(SUPPLIED MATERIAL begins)
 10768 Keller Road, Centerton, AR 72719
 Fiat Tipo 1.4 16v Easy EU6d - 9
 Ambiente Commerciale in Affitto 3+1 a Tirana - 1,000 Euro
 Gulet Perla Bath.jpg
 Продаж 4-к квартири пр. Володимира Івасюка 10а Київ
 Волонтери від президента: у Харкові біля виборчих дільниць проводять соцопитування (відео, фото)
(SUPPLIED MATERIAL ends)
§ WORK REQUIRED:
The span to give again runs from the line with "Gulet Perla Bath.jpg" through the last line of the records above; reproduce it exactly and nothing more.

§ THE ANSWER:
 Gulet Perla Bath.jpg
 Продаж 4-к квартири пр. Володимира Івасюка 10а Київ
 Волонтери від президента: у Харкові біля виборчих дільниць проводять соцопитування (відео, фото)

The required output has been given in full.